## Action item
Your answer must be the lines from the one containing "El árbitro que" through the last line below, copied exactly, with no pictures.

++++

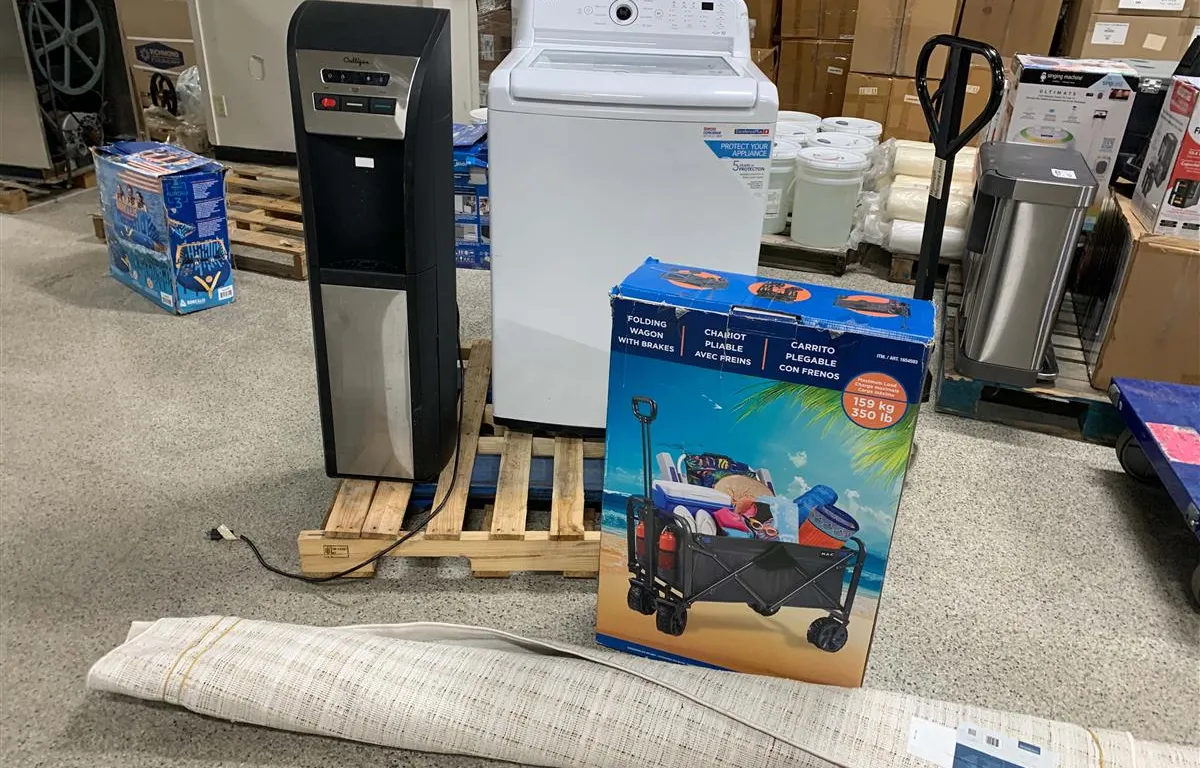 LG Top Load Washer, Wagon, Cooler and Rug
UNRESERVED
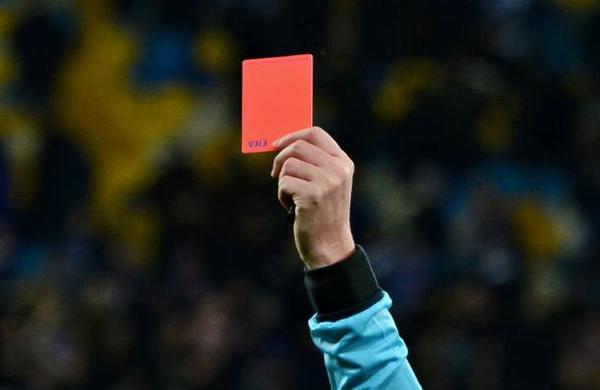 El árbitro que renunció a la profesión para 'no seguir perjudicando' al fútbol - C9N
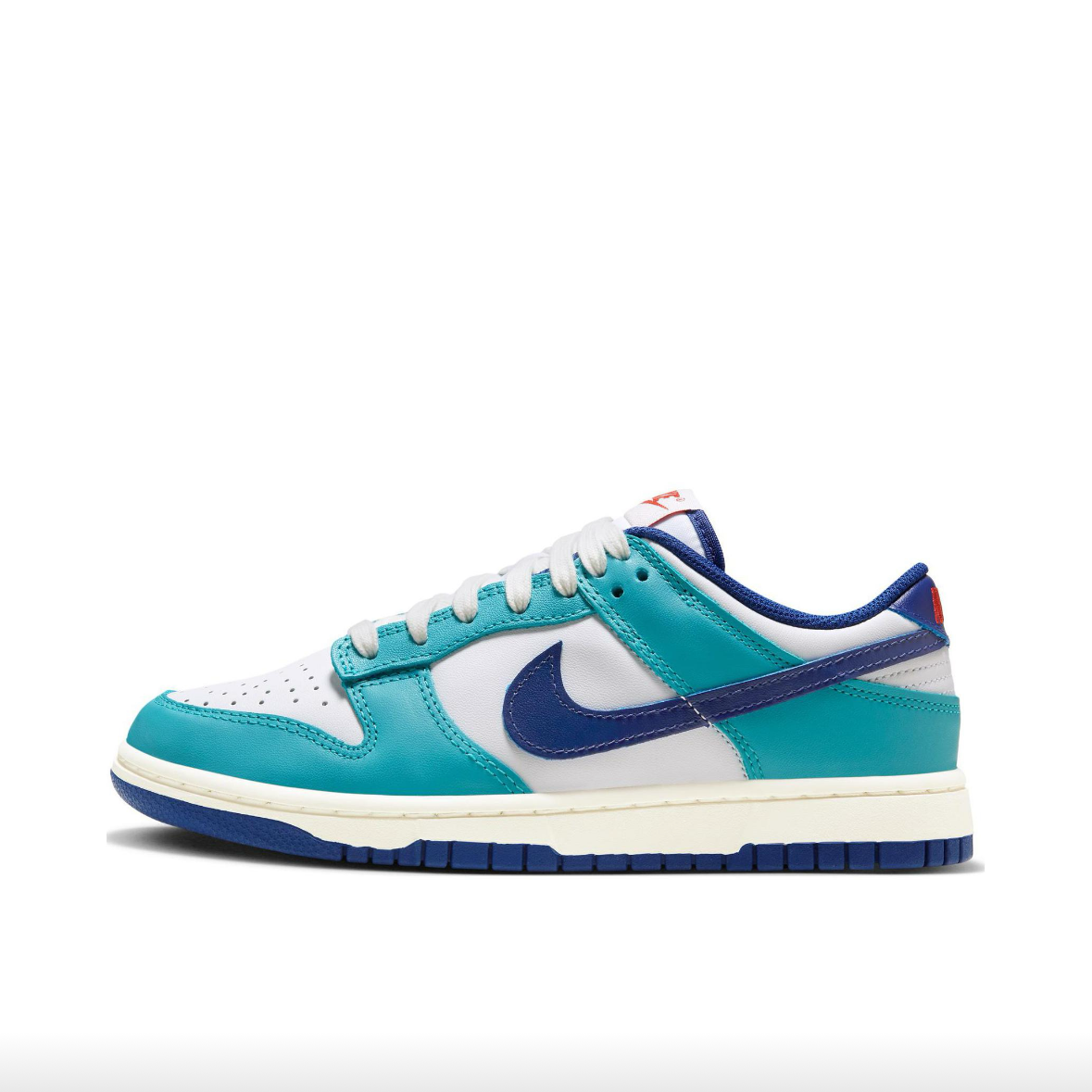 耐克Nike蓝白轻便透气低帮板鞋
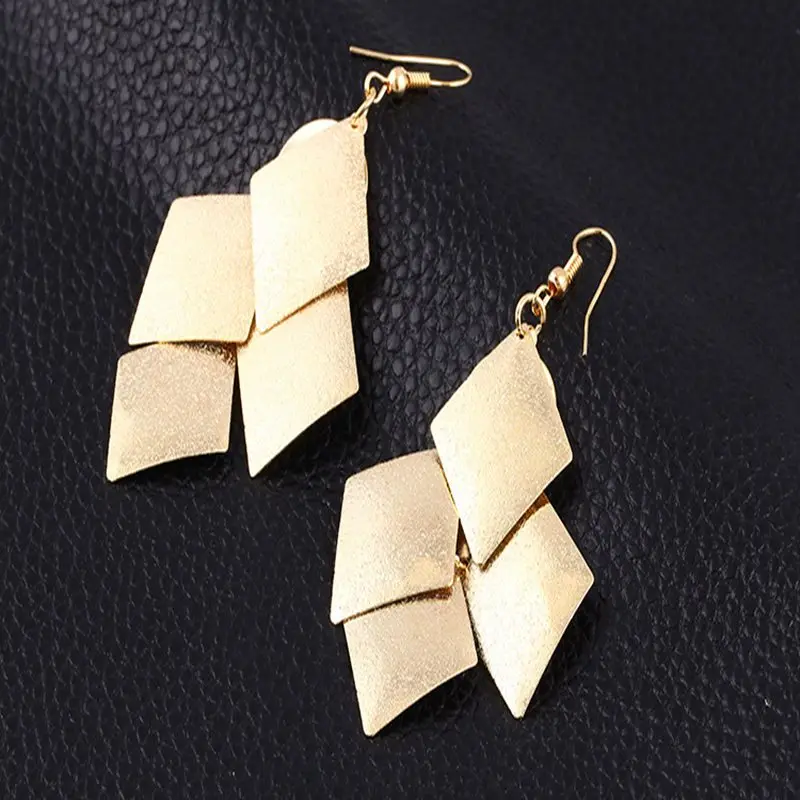 

Exaggerated Rhombus Leaf Fringed Earrings Europe and America Fashion Punk Rock Earrings Personality Stud Earrings Jewelry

++++

## Solution
 El árbitro que renunció a la profesión para 'no seguir perjudicando' al fútbol - C9N
 耐克Nike蓝白轻便透气低帮板鞋

Exaggerated Rhombus Leaf Fringed Earrings Europe and America Fashion Punk Rock Earrings Personality Stud Earrings Jewelry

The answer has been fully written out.